Ladenburg is a wholly-owned subsidiary of Advisor Group Holdings, Inc. (“AGHI”) which provides investment banking, equity research, institutional sales and trading, independent brokerage and advisory and asset management services through its subsidiaries. AGHI is also the holding company of Ladenburg Thalmann & Co. Inc., which was established in 1876. and joined the New York Stock Exchange in 1879. It quickly became one of the most influential private merchant banking firms, serving as a major financial intermediary between America, Great Britain and the European Continent. Ladenburg Thalmann & Co. Inc. was among the few investment banks to prosper during the Depression, and it played an important role in financing the growth of American industry through the early twentieth century. Since the beginning, it has provided significant value as a financial advisor to investors, corporate managers and directors while raising capital for emerging industries.
PROTECTION OF ASSETS
National Financial Services LLC (“NFS”), Member NYSE/SIPC, provides trade execution, custody and other related services for the majority of Ladenburg brokerage accounts. As Ladenburg's primary custodian, NFS is responsible for:
execution, clearance and settlement of securities transactions;
preparing and delivering periodic statements of your account and transaction confirmations; and
custody (safekeeping), receipt and delivery of funds and securities.
Fidelity Investments is one of the world’s largest providers of financial services, with assets under administration of $7.4 trillion, including managed assets of $3.0 trillion, as of March 31, 2020.
Securities in accounts carried by NFS are protected in accordance with the Securities Investor Protection Corporation (“SIPC”) up to $500,000. The $500,000 total amount of SIPC protection is inclusive of up to $250,000 protection for claims for cash, subject to periodic adjustments for inflation in accordance with terms of the SIPC statute and approval by SIPC’s Board of Directors. For details, please visit SIPC.org.
Within certain limits, SIPC coverage applies both to investor securities held by National Financial Services LLC and to cash on deposit that will be used to purchase securities or that has been generated from the sale of securities. This SIPC coverage protects your assets in the unlikely event that National Financial Services LLC should fail to meet its obligations, but this SIPC coverage is separate from the SIPC coverage that is available should the broker-dealer fail to meet its obligations.
In addition to SIPC protection, Fidelity, through National Financial Service (NFS), provides its brokerage customers with additional “excess of SIPC” coverage from Lloyd’s of London together with other insurers. The excess of SIPC coverage would only be used when SIPC coverage is exhausted. Like SIPC, excess of SIPC protection does not cover investment losses in customer accounts due to market fluctuation. It also does not cover other claims for losses incurred while broker-dealers remain in business. Total aggregate excess of SIPC coverage available through Fidelity’s excess of SIPC policy is $1 billion. Within Fidelity’s excess of SIPC coverage, there is no per customer dollar limit on coverage of securities, but there is a per customer limit of $1.9 million on coverage of cash awaiting investment. This is the maximum excess of SIPC protection currently available in the brokerage industry. Both SIPC and excess of SIPC coverage is limited to securities held in brokerage positions, including mutual funds if held in your brokerage account and securities held in book entry form. Neither SIPC nor additional coverage protection covers investment losses due to market fluctuations.

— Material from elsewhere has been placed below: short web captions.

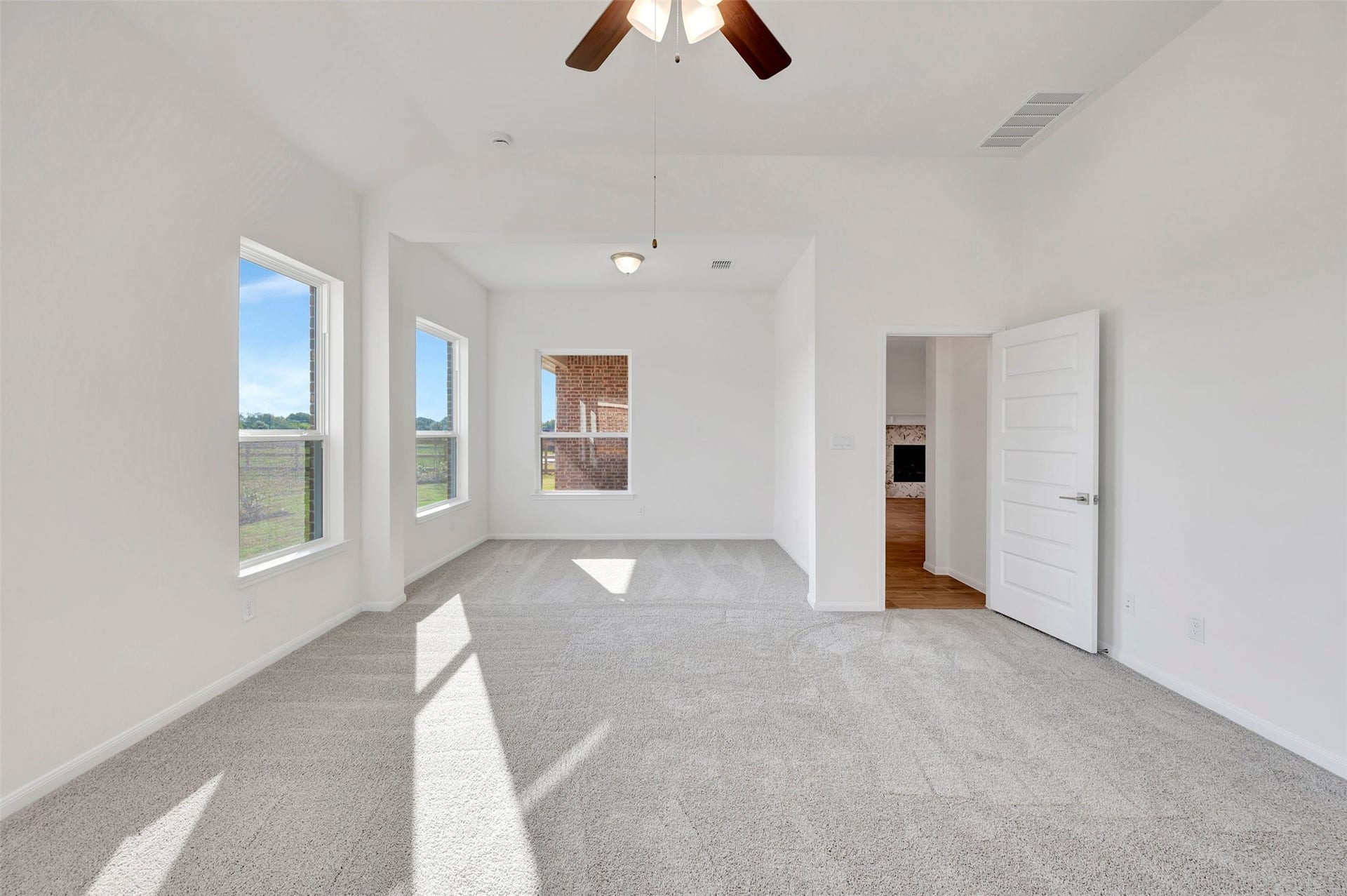 Tranquil primary suite with sitting area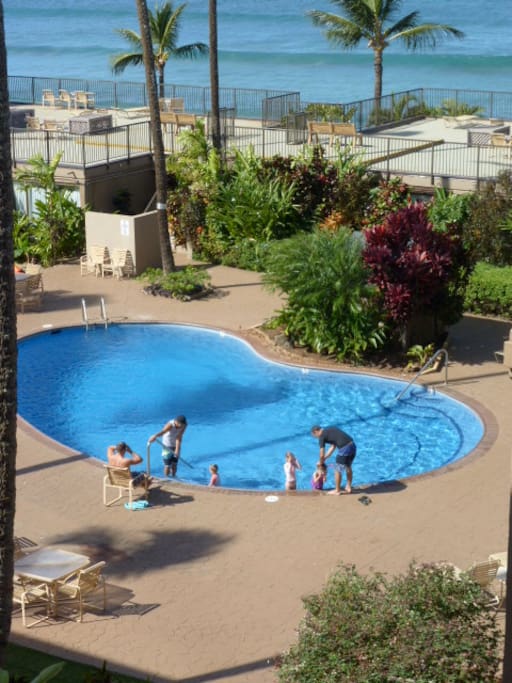 A beautiful pool with loungers and tables to relax.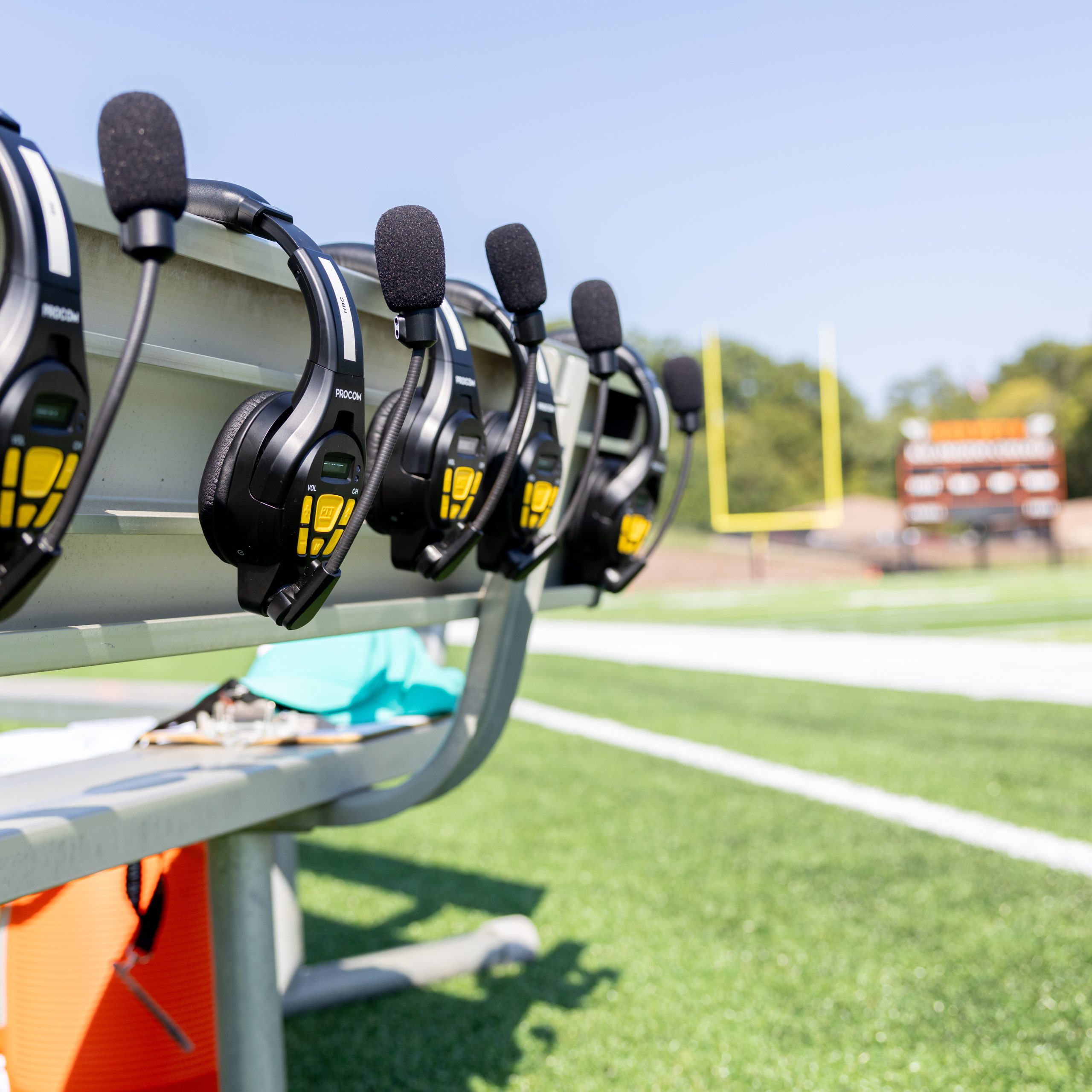 Headsets for football hanging from a bench on the field before a game.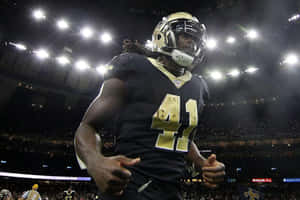 身穿聖徒隊制服的美式足球員在夜間比賽中豎起大拇指。 — Alvin Kamara 壁紙
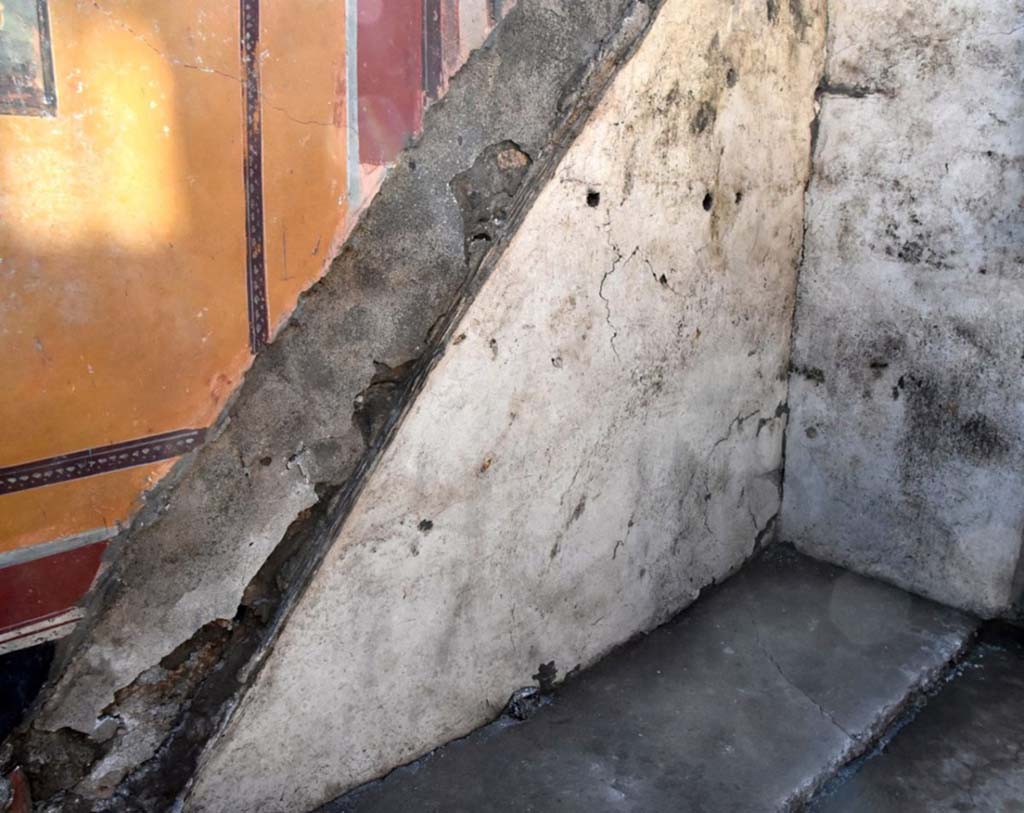 V.6.12 Pompeii. February 2019. Amb. 25. Atrium corner with outline of stairs. 
Of particular note in the atrium of Narcissus is the still visible trace of the stairs which lead to the upper floor, but above all the rediscovery of a dozen glass containers, eight amphorae and a bronze funnel in the space under the stairs, which was used for storage. 
Interessante, nell'atrio di Narciso, è la traccia ancora visibile delle scale che conducevano al piano superiore, ma soprattutto il ritrovamento nello spazio del sottoscala, utilizzato come deposito, di una dozzina di contenitori in vetro, otto anfore e un imbuto in bronzo.
Photograph © Parco Archeologico di Pompei.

National Financial is an independent company, unaffiliated with Ladenburg Thalmann & Co., Inc. National Financial is a service provider to Ladenburg Thalmann & Co., Inc. There is no form of legal partnership, agency affiliation, or similar relationship between your financial advisor and National Financial, nor is such a relationship created or implied by the information herein. National Financial has not been involved with the preparation of the content supplied by Ladenburg Thalmann & Co., Inc. and does not guarantee, or assume any responsibility for its content.
*Ladenburg Thalmann & Co., Inc. offers securities and is a Member FINRA and SIPC.